2 LEMOS, Ignácio Manuel, (1859) Guia Luso-Brasileiro do Viajante na Europa, Tipografia de António José Silva Teixeira, Porto, pág. 23.
3 BARBOSA, Vilhena (1862), Fragmentos de um Roteiro de Lisboa (Inédito) Arrabaldes de Lisboa, in Archivo Pittoresco, Semanário Illustrado, Editores e Proprietários Castro Irmão & C.ª, Lisboa, Vol. VI, p. 326-328; 332-333.
4 BORDALO, Francisco Maria (1863) Novo Guia do Viajante em Lisboa e seus Arredores: Cintra, Colares, Mafra, Batalha, Setúbal, Santarém, etc. (segunda edição aumentada), Editor J. J. Bordalo, Lisboa, pág. 163-164.
5 ABREU, João António Peres, (1865) Roteiro do Viajante no Continente e nos Caminhos de Ferro de Portugal, Imprensa da Universidade, Coimbra, pág. 132.
6 PINHO LEAL, Augusto Soares de Azevedo Barbosa, (1874) Portugal Antigo e Moderno, Vol. II, ed. Livraria Editora de Mattos Moreira & Companhia, Lisboa, pág. 127-128.
7 BAPTISTA, João Maria (1876) Chorographia moderna do reino de Portugal, Volume 4, Typographia da Academia Real das Sciencias, Lisboa, pág. 740.
8 SOUSA BASTOS, António (1947) Lisboa Velha: sessenta anos de recordações 1850 – 1910, pág. 106. 

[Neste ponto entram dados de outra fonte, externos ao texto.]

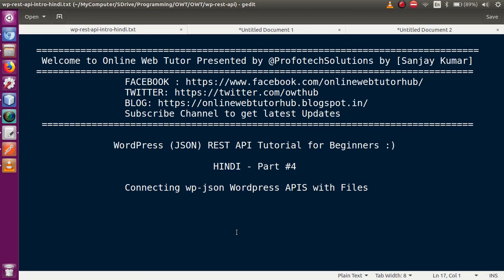Hello guys, welcome to Online Web Tutor presented by Profodex Solutions Team. I am Sanjay. We are learning WordPress JSON REST API tutorial for beginners, and this is Part 4. In this video session, we are going to connect our WordPress JSON APIs with files. If you are a beginner to this channel, please don't forget to subscribe and keep watching our previous video sessions.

9 CARMO, José Pedro, (1926) Touros: Arte Portuguesa, Livraria Popular de Francisco Franco; ABREU, Carlos, (1908) Esperas de Touros, Revista Serões n.º 37, Julho, pág. 3-18.
10 MELLO, Tomáz, (1874) A Espera de Touros em Carriche, Scenas Lisboa.
11 PINTO DE CARVALHO (Tinop) (1908) História do Fado, Empreza da História de Portugal, pág 28.
12 RIBEIRO, Victor (1904) A História da Beneficência Publica em Portugal, in O Instituto Revista Cientifica e Literária, Vol. 51, Imprensa da Universidade, Coimbra, pág. 3.
13 PIMENTEL, Alberto (1904) A triste canção do sul (subsídios para a história do fado, Livraria Central Gomes de Carvalho, editor, pág. 246-247.